▶ [What to work on]:
Word for word, retype each record shown below.
+===+
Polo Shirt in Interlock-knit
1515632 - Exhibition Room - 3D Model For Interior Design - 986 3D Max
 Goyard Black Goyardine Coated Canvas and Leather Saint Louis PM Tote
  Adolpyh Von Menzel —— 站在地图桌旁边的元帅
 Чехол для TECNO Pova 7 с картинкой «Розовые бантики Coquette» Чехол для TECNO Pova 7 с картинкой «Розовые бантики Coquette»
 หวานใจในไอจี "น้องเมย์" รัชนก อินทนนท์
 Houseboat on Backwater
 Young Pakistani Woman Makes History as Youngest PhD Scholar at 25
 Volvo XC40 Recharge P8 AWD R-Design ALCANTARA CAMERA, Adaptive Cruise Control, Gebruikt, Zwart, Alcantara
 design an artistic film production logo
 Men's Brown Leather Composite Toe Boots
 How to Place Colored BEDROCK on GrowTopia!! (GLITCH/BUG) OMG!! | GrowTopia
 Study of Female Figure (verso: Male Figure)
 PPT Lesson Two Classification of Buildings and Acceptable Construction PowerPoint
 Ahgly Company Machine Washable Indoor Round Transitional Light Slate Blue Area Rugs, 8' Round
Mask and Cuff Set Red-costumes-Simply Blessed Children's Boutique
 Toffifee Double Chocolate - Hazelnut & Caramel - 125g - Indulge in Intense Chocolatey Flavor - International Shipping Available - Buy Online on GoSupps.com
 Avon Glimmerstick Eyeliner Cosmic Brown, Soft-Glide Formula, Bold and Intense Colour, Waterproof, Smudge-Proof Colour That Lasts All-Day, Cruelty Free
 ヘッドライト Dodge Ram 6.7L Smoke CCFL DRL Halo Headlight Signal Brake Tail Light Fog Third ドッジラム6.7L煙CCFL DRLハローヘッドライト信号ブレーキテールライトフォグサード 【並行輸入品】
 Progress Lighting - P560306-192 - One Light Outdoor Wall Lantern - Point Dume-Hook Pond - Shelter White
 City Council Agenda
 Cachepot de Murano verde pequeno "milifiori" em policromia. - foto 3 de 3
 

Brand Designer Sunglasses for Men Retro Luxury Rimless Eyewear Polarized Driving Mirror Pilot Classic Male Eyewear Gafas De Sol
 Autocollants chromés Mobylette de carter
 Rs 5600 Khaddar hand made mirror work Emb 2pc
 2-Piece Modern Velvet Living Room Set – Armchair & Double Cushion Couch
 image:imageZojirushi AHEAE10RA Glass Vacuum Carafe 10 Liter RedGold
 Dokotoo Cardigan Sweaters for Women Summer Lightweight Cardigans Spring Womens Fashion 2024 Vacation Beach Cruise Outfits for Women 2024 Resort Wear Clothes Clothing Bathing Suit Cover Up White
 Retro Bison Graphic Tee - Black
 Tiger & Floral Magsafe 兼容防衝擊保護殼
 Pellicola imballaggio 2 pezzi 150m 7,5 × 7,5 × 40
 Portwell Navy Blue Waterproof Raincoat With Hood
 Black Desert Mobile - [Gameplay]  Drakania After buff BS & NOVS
+===+
▶ [Task answer]:
Polo Shirt in Interlock-knit
1515632 - Exhibition Room - 3D Model For Interior Design - 986 3D Max
 Goyard Black Goyardine Coated Canvas and Leather Saint Louis PM Tote
  Adolpyh Von Menzel —— 站在地图桌旁边的元帅
 Чехол для TECNO Pova 7 с картинкой «Розовые бантики Coquette» Чехол для TECNO Pova 7 с картинкой «Розовые бантики Coquette»
 หวานใจในไอจี "น้องเมย์" รัชนก อินทนนท์
 Houseboat on Backwater
 Young Pakistani Woman Makes History as Youngest PhD Scholar at 25
 Volvo XC40 Recharge P8 AWD R-Design ALCANTARA CAMERA, Adaptive Cruise Control, Gebruikt, Zwart, Alcantara
 design an artistic film production logo
 Men's Brown Leather Composite Toe Boots
 How to Place Colored BEDROCK on GrowTopia!! (GLITCH/BUG) OMG!! | GrowTopia
 Study of Female Figure (verso: Male Figure)
 PPT Lesson Two Classification of Buildings and Acceptable Construction PowerPoint
 Ahgly Company Machine Washable Indoor Round Transitional Light Slate Blue Area Rugs, 8' Round
Mask and Cuff Set Red-costumes-Simply Blessed Children's Boutique
 Toffifee Double Chocolate - Hazelnut & Caramel - 125g - Indulge in Intense Chocolatey Flavor - International Shipping Available - Buy Online on GoSupps.com
 Avon Glimmerstick Eyeliner Cosmic Brown, Soft-Glide Formula, Bold and Intense Colour, Waterproof, Smudge-Proof Colour That Lasts All-Day, Cruelty Free
 ヘッドライト Dodge Ram 6.7L Smoke CCFL DRL Halo Headlight Signal Brake Tail Light Fog Third ドッジラム6.7L煙CCFL DRLハローヘッドライト信号ブレーキテールライトフォグサード 【並行輸入品】
 Progress Lighting - P560306-192 - One Light Outdoor Wall Lantern - Point Dume-Hook Pond - Shelter White
 City Council Agenda
 Cachepot de Murano verde pequeno "milifiori" em policromia. - foto 3 de 3
 

Brand Designer Sunglasses for Men Retro Luxury Rimless Eyewear Polarized Driving Mirror Pilot Classic Male Eyewear Gafas De Sol
 Autocollants chromés Mobylette de carter
 Rs 5600 Khaddar hand made mirror work Emb 2pc
 2-Piece Modern Velvet Living Room Set – Armchair & Double Cushion Couch
 image:imageZojirushi AHEAE10RA Glass Vacuum Carafe 10 Liter RedGold
 Dokotoo Cardigan Sweaters for Women Summer Lightweight Cardigans Spring Womens Fashion 2024 Vacation Beach Cruise Outfits for Women 2024 Resort Wear Clothes Clothing Bathing Suit Cover Up White
 Retro Bison Graphic Tee - Black
 Tiger & Floral Magsafe 兼容防衝擊保護殼
 Pellicola imballaggio 2 pezzi 150m 7,5 × 7,5 × 40
 Portwell Navy Blue Waterproof Raincoat With Hood
 Black Desert Mobile - [Gameplay]  Drakania After buff BS & NOVS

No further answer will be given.